急激にパンや麺類などを摂りすぎてしまうと、血糖値が上がりインスリンが作用して、血糖値は下がりますが、余った血糖が脂肪として肝臓に蓄えてしまうのです。そして、グルテンにより腸の粘膜が弱くなっていると、肝臓で炎症を起こす物質が入ってきてしまいます。すると、インスリンの効き目が悪くなってしまい、血糖値は上がりやすくなりより一層、脂肪が蓄積されてしまうので、食べ過ぎには注意しましょう
グルテンフリーを適度に取り入れて、腸を安定させて健康的に痩せやすい体質につなげていきましょう♪
パンを主食に多く食べていた人は、主食をご飯にしてみるところから始めましょう。洋食よりも和食にすると、自然にグルテンは控えることができます。

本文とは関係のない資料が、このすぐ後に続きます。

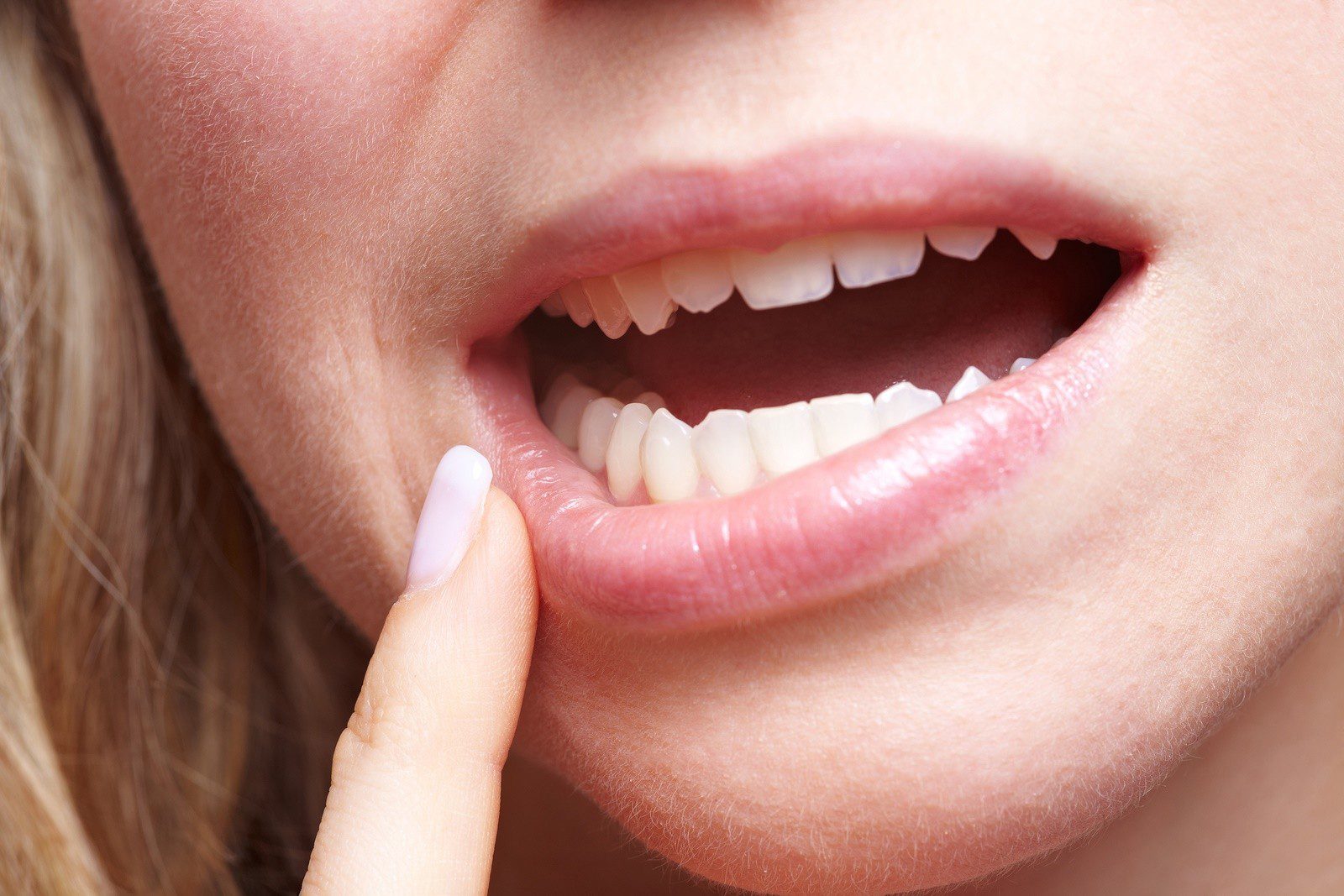 Periodontitis: tratamiento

また、厳密な除去が必要でない場合は、市販のグルテンフリーと書かれた商品などをたまに取り入れてみるのもいいかもしれません。
【グルテンフリー食品】
米粉を使ったパン
大豆粉やオートミールを使用したクッキーやケーキ
おせんべい、餅、団子といった和菓子類
ナッツやフルーツ
日本酒、ワイン、梅酒、第三のビールと呼ばれる麦芽を使用してないビールなど
※製造過程やフレーバーなどにより微量に含まれていることもあるのでアレルギー体質の人は注意が必要です。パッケージの食品表示などをよく読んでから食べましょう。
小麦粉には、食物繊維やビタミンB群が豊富に含まれるので、グルテンフリーを行う際には、これらの栄養素が不足しないように他の食品から取り入れるようにしましょう。

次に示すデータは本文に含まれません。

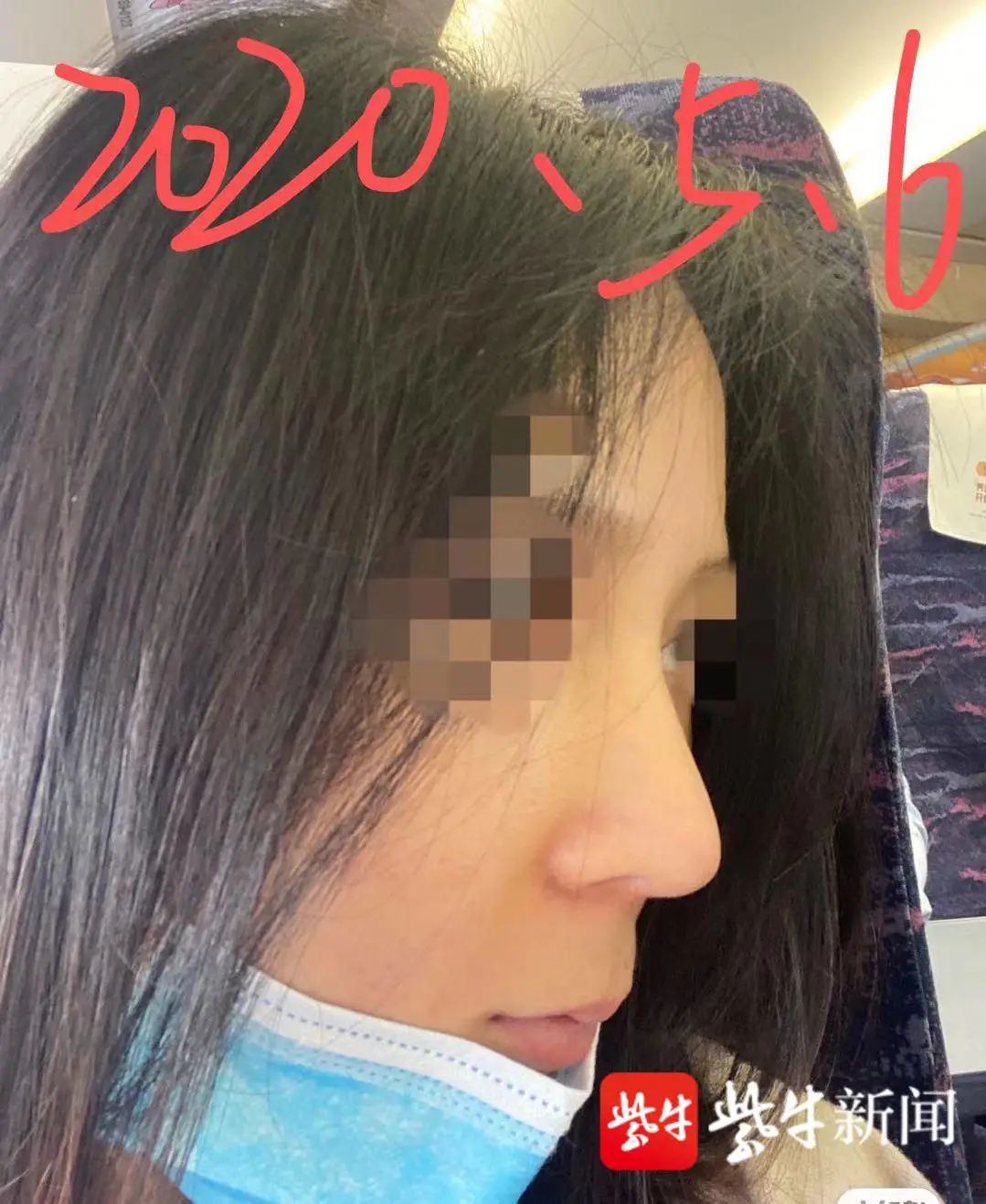 女子整容后山根晃动,鼻尖发白!手术方:很成功,已起诉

グルテンフリーの効果は個人差があり、期間を決めて体の調子を確かめながら取り入れてみてください。
アレルギー症状があり、完全に除去しなくてはならない場合を除き、健康法の一つとしてグルテンフリーを行う場合は、完全に置き換えるのではなく、まずはグルテンを減らすというところから始めてみましょう。